Ryan started his collegiate coaching career at Wisconsin in 1976 as an assistant, and stayed until 1984. To put it bluntly, Wisconsin basketball at that time was a combination of the Sixers this year mixed with Northwestern every year. Despite the poor record of the team, Ryan was tabbed as the next head coach of UW-Platteville for the 1984 season. Ryan posted a career D-III winning percentage of .820 and won four national championships for the Pioneers. In the 90s, Ryan's Platteville teams had the best winning percentage of any college basketball team at any level; winning at just over a 90% clip.

The unprecedented success that Ryan had at UW-Platteville lead UW-Milwaukee to give him a call in 1999, and hand over the reigns to an underachieving program. Under Ryan, UWM had their first winning season in six years. The siren song of the Badgers kept calling, though, and after Dick Bennett retired following the Badgers 2000 Final Four run (and two games of the 2001 season and Brad Soderberg finished out the year), Wisconsin offered Ryan the top job in the state, you know for basketball. He wasn't made governor.

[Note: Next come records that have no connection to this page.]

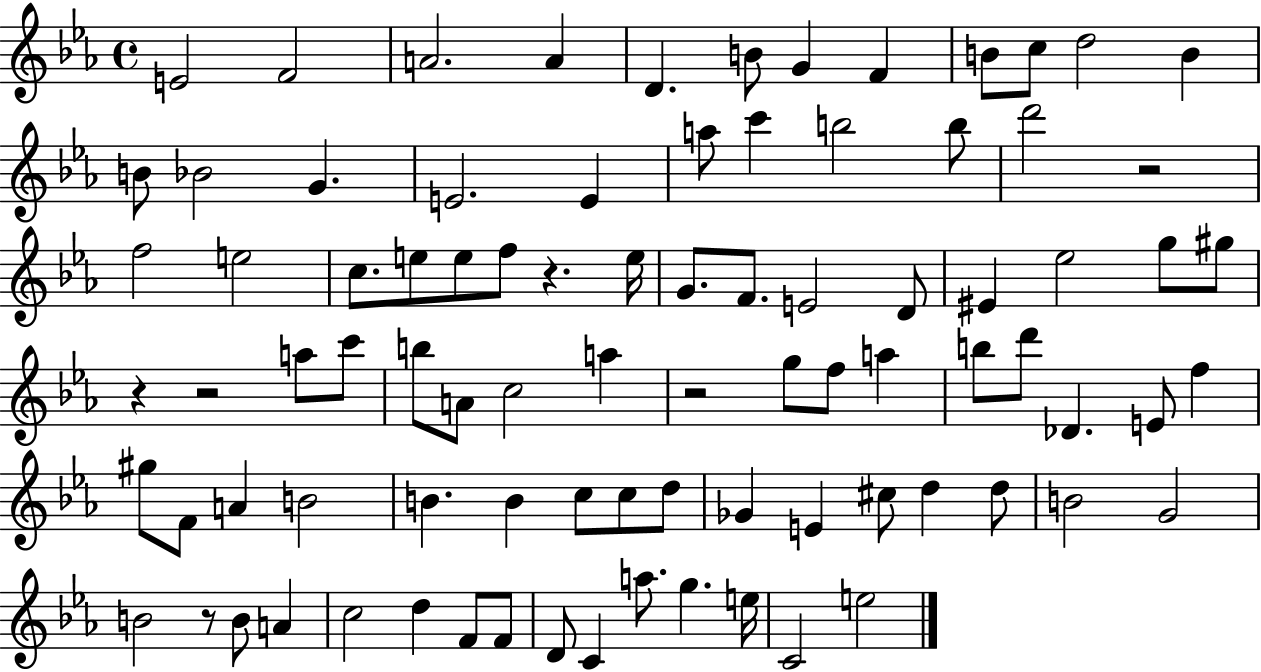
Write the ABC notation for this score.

X:1
T:Untitled
M:4/4
L:1/4
K:Eb
E2 F2 A2 A D B/2 G F B/2 c/2 d2 B B/2 _B2 G E2 E a/2 c' b2 b/2 d'2 z2 f2 e2 c/2 e/2 e/2 f/2 z e/4 G/2 F/2 E2 D/2 ^E _e2 g/2 ^g/2 z z2 a/2 c'/2 b/2 A/2 c2 a z2 g/2 f/2 a b/2 d'/2 _D E/2 f ^g/2 F/2 A B2 B B c/2 c/2 d/2 _G E ^c/2 d d/2 B2 G2 B2 z/2 B/2 A c2 d F/2 F/2 D/2 C a/2 g e/4 C2 e2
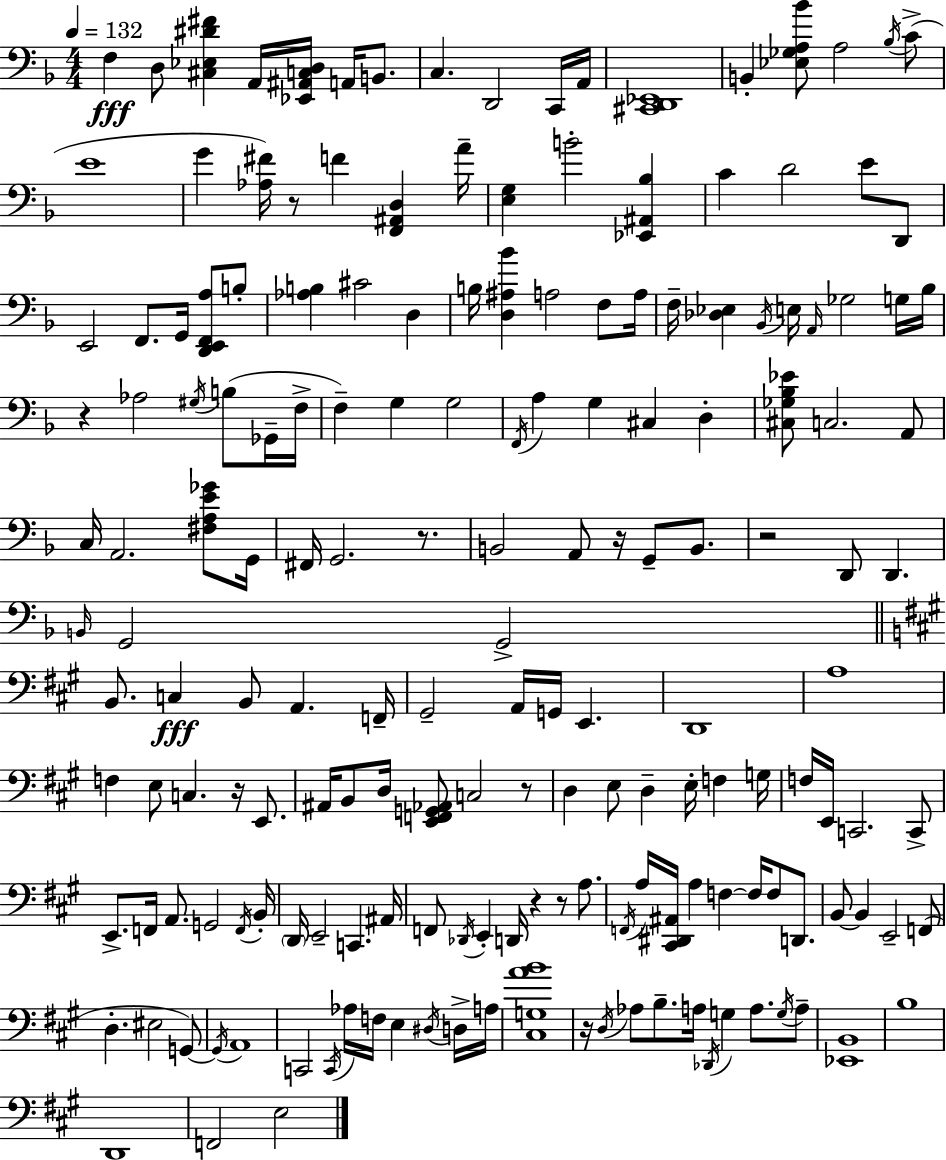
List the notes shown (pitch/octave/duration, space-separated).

F3/q D3/e [C#3,Eb3,D#4,F#4]/q A2/s [Eb2,A#2,C3,D3]/s A2/s B2/e. C3/q. D2/h C2/s A2/s [C#2,D2,Eb2]/w B2/q [Eb3,Gb3,A3,Bb4]/e A3/h Bb3/s C4/e E4/w G4/q [Ab3,F#4]/s R/e F4/q [F2,A#2,D3]/q A4/s [E3,G3]/q B4/h [Eb2,A#2,Bb3]/q C4/q D4/h E4/e D2/e E2/h F2/e. G2/s [D2,E2,F2,A3]/e B3/e [Ab3,B3]/q C#4/h D3/q B3/s [D3,A#3,Bb4]/q A3/h F3/e A3/s F3/s [Db3,Eb3]/q Bb2/s E3/s A2/s Gb3/h G3/s Bb3/s R/q Ab3/h G#3/s B3/e Gb2/s F3/s F3/q G3/q G3/h F2/s A3/q G3/q C#3/q D3/q [C#3,Gb3,Bb3,Eb4]/e C3/h. A2/e C3/s A2/h. [F#3,A3,E4,Gb4]/e G2/s F#2/s G2/h. R/e. B2/h A2/e R/s G2/e B2/e. R/h D2/e D2/q. B2/s G2/h G2/h B2/e. C3/q B2/e A2/q. F2/s G#2/h A2/s G2/s E2/q. D2/w A3/w F3/q E3/e C3/q. R/s E2/e. A#2/s B2/e D3/s [E2,F2,G2,Ab2]/e C3/h R/e D3/q E3/e D3/q E3/s F3/q G3/s F3/s E2/s C2/h. C2/e E2/e. F2/s A2/e. G2/h F2/s B2/s D2/s E2/h C2/q. A#2/s F2/e Db2/s E2/q D2/s R/q R/e A3/e. F2/s A3/s [C#2,D#2,A#2]/s A3/q F3/q F3/s F3/e D2/e. B2/e B2/q E2/h F2/e D3/q. EIS3/h G2/e G2/s A2/w C2/h C2/s Ab3/s F3/s E3/q D#3/s D3/s A3/s [C#3,G3,A4,B4]/w R/s D3/s Ab3/e B3/e. A3/s Db2/s G3/q A3/e. G3/s A3/e [Eb2,B2]/w B3/w D2/w F2/h E3/h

Listing Ryan's accomplishments at UW would be a long and foolhardy endeavor, and besides, most know them already. He's never had a Badgers team finish below fourth in the conference (winning the conference three times and the conference tournament twice), he's never missed the NCAA Tournament, he's made the Sweet 16 four times, the Elite Eight once, and if you missed the beginning of this post, he's also made the Final Four once.

The Final Four has always been the brass ring that Ryan failed to grab in his previous 12 seasons, but that didn't stop him from attending every year with his father. As has been noted everywhere else on the internet, Butch Ryan was a much bigger deal than Bo. Butch knew everyone and always had a joke or a story to tell.

Butch's birthday was this past Saturday, he would have been 90, and the Wisconsin crowd was littered with "This one's for Butch" signs. Unfortunately for Bo, and the Chester community, Butch passed away last August. Bo gave an emotional post-game interview after Wisconsin's Elite Eight win, and clearly his father was foremost in his thoughts.

Bo Ryan did not need a Final Four berth to cement his legacy in Wisconsin basketball lore. He's already the most successful coach in program history, and has lead the team to unprecedented heights. But you and I both know, there would always feel like unfinished business for Ryan if he never lead the Badgers to the last weekend of the season.

All this talk of family and legacy cementing may make Ryan seem like he's taken a calmer, more balanced approach to the season, but his two technical fouls in the Tournament so far beg to differ. That's always been the great thing about Ryan as a basketball coach, he is fiery and unyielding on the court, but disarmingly charming and laid back off the court.

Bo Ryan has been a through a lot in the past year, but he doesn't deserve this Final Four berth. He earned it, and that's how he'd want it anyways.